The total number of lines in the script is 790, which if played in full as appears to have been the case during the 44 minutes of the afternoon transmission, would have meant that the verse-speaking was, well, rapid. Significant cuts must have been made for the shorter live ‘repeat’ in the evening.

By contrast, the visual rhythm of the shots and mixes (cutting between cameras was not possible before the war) would have seemed, judged by later standards, funereally slow. There are just 25 shot changes specified for the whole broadcast, and half of these are mixes to and from captions.

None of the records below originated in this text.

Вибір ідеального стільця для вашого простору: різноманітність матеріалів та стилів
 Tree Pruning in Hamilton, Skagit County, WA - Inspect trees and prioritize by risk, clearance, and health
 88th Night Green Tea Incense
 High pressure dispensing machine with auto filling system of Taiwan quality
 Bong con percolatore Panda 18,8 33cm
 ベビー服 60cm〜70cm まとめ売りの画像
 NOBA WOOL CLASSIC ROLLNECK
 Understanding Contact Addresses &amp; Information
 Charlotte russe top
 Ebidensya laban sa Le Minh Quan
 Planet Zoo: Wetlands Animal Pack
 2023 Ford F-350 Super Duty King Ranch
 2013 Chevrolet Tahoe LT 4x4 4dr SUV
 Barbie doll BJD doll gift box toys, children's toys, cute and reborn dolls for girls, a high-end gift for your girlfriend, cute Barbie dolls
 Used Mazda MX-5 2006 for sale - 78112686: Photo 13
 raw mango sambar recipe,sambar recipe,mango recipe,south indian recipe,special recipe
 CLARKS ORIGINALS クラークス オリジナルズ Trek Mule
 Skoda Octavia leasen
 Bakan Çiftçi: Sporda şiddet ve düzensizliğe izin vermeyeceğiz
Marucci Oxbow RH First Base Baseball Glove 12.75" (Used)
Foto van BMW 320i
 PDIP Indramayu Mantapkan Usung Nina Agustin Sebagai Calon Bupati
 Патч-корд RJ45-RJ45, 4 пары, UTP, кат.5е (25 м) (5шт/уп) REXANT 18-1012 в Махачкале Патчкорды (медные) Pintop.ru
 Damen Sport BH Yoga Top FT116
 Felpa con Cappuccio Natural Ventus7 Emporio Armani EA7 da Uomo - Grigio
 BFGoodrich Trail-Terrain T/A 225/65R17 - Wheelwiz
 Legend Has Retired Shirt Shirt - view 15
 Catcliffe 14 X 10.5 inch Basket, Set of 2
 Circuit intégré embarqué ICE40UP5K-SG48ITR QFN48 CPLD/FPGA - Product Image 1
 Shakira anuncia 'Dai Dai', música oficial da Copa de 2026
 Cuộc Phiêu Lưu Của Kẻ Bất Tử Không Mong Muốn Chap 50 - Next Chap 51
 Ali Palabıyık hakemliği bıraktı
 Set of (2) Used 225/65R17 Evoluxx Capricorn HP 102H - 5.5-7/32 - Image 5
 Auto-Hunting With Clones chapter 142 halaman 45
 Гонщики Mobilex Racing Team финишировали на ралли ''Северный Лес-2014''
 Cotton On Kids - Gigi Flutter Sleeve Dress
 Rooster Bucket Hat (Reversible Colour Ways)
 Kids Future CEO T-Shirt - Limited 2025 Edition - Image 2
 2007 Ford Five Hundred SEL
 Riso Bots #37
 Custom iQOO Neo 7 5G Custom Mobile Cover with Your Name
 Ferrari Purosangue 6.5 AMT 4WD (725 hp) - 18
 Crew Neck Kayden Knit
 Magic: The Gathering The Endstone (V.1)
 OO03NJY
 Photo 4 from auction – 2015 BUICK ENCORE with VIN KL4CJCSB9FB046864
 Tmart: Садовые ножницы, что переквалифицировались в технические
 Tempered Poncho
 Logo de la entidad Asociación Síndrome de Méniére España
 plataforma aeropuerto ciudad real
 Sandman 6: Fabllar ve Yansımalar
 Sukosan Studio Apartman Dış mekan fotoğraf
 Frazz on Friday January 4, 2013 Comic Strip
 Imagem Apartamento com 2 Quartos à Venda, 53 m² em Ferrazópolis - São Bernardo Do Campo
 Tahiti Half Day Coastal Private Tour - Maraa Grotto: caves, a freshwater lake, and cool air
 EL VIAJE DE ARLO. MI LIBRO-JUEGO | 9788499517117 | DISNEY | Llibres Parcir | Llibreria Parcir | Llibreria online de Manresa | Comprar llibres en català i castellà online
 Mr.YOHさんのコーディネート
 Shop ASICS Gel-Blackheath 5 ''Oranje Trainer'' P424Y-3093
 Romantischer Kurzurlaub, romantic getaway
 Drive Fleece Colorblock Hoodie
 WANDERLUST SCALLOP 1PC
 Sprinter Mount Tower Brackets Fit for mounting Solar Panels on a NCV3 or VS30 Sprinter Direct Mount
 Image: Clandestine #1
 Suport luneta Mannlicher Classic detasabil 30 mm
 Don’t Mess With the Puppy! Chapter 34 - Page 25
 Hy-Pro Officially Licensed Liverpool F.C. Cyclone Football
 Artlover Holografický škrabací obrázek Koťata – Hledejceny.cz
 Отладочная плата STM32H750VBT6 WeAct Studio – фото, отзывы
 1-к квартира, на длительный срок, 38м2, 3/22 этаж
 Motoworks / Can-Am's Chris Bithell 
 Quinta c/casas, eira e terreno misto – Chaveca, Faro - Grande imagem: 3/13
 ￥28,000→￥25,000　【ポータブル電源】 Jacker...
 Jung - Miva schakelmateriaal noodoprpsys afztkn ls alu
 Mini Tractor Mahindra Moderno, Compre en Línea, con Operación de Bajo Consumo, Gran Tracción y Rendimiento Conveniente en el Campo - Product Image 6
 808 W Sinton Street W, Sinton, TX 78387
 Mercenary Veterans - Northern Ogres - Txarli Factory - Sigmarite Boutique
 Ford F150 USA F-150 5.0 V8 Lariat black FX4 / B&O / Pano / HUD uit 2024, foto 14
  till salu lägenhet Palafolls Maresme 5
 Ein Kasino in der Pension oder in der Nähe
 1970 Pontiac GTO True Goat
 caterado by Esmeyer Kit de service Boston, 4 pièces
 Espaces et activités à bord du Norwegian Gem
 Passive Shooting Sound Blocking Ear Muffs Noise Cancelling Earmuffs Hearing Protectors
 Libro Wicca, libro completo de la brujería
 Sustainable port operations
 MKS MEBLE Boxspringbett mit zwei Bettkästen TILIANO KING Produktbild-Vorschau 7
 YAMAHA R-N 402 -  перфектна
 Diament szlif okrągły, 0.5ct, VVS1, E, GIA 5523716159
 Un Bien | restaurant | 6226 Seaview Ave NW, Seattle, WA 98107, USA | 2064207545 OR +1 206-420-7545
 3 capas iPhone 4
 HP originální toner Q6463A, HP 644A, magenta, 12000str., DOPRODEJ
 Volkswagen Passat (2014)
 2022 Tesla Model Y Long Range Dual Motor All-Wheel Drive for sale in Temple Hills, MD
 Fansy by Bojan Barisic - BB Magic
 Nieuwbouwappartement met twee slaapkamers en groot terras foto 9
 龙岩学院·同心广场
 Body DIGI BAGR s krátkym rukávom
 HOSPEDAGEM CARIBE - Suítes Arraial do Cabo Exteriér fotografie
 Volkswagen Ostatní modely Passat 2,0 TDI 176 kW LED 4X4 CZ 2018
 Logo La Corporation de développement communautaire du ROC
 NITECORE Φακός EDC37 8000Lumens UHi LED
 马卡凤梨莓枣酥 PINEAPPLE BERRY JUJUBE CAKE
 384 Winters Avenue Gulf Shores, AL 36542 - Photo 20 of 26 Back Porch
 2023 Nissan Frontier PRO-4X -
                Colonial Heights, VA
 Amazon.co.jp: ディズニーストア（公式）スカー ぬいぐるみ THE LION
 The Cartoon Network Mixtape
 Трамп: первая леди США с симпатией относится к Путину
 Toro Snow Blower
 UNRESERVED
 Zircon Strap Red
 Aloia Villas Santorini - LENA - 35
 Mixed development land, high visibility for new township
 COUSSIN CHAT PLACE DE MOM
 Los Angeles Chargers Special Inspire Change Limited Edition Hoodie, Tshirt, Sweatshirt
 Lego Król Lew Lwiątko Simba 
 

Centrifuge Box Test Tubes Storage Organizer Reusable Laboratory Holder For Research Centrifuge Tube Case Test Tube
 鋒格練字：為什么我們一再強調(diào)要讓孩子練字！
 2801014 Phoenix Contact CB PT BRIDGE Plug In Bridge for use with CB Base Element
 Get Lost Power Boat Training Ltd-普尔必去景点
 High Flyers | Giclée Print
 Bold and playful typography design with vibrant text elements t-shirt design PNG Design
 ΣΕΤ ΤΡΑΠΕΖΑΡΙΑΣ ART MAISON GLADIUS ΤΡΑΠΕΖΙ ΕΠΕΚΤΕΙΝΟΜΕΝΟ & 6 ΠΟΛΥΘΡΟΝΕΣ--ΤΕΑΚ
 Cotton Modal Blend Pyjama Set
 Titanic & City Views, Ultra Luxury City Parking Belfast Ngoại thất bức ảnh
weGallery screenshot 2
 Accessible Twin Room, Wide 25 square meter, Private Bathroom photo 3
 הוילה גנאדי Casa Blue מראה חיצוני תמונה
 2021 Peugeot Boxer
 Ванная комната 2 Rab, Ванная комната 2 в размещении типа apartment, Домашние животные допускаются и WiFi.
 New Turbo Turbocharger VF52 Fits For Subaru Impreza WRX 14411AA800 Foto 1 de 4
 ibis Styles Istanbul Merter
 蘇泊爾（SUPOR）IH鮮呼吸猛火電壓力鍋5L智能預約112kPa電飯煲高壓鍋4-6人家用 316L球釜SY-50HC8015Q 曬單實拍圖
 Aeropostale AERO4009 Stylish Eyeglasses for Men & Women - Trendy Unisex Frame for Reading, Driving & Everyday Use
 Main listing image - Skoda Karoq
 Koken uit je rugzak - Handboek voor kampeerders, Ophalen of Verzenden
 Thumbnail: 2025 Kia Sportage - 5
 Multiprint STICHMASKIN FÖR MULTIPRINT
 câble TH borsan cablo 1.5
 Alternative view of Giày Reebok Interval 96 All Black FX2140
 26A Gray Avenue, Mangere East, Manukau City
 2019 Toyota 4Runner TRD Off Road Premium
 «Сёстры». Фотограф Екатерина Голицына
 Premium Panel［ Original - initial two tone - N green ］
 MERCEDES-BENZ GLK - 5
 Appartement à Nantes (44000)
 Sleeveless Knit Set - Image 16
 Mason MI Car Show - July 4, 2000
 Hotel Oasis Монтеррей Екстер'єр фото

Another half-hour of scenes from Cymbeline was broadcast nearly 20 years later, when elements of Michael Benthall’s Old Vic production were played from studio D of the BBC complex at Lime Grove. Should you wish to know more, I have written in detail about both television productions (before I knew the exact running times), in a Screen Plays blog post about the 1937 production, and about both in ‘Scenes from Cymbeline and early television studio drama’, in Sarah Hatchuell and Nathalie Vienne-Guerrin, eds., Shakespeare on Screen: The Tempest and Late Romances, Cambridge University Press, 2017.